Nebraska’s Madi Kubik (10) and Kayla Caffey attempt a block as Maryland's Rainelle Jones looks on in the first set Friday at the Devaney Sports Center.

When next season comes for the Nebraska volleyball team, the middle blocker position probably will look very different.

Three-time All-American Lauren Stivrins will not return. Seniors Kayla Caffey and Callie Schwarzenbach could leave or decide to use their extra year of eligibility.

The other middle blockers on the roster now are Kalynn Meyer (10 career appearances) and Rylee Gray (has not played).

That means incoming freshman Bekka Allick could have an opportunity to play early in her career. She’s a 6-foot-3 middle from Waverly.

Allick signed with the Huskers on Wednesday, along with Hayden Kubik (West Des Moines, Iowa) and Maisie Boesiger (Norris).

Allick will provide the Huskers needed depth at middle blocker, Nebraska coach John Cook said, and could make an early impact.

This high school season, Allick helped Waverly by moving to outside hitter, and finished with 442 kills (5.7 per set), 341 digs (4.4 per set) and 50 blocks.

Cook is impressed with Allick as both a player and person.

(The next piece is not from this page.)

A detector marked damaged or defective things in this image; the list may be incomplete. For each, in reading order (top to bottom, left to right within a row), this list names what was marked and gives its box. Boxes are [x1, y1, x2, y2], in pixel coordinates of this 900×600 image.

This fall, she helped the U.S. junior national team win a bronze medal at the world championship.

“Bekka was named captain of the USA Team. Think about that,” Cook said. “Of thousands of kids that are 18 and under, 12 are selected for that team and then she’s named captain. … Maisie has been leading this Norris team forever. And Hayden has her sister for a role model. So just quality, quality people and competitors. I’m super fired up.”

Sister will join Kubik with Huskers: For at least one season, the Huskers will have sisters Madi and Hayden Kubik on the roster, and probably both at the outside hitter position.

Madi Kubik said she wanted her sister to go to the college that fit best for her, but was glad when that college ended up being Nebraska.

“I’m so excited,” Madi Kubik said. “We got to play one year together in high school, so that was really fun. We got to feed off of each other because we play the same position. So just giving each other advice and things. I’m excited for her to transition to being here.”

Back to first: No. 9 Purdue beat No. 4 Wisconsin in four sets Friday in Madison. That gave the Badgers a third league loss and means entering Saturday’s matches, Wisconsin, Minnesota and Nebraska were tied for first place in the Big Ten standings at 12-3. Purdue’s win ended Wisconsin’s streak of 30 straight home wins.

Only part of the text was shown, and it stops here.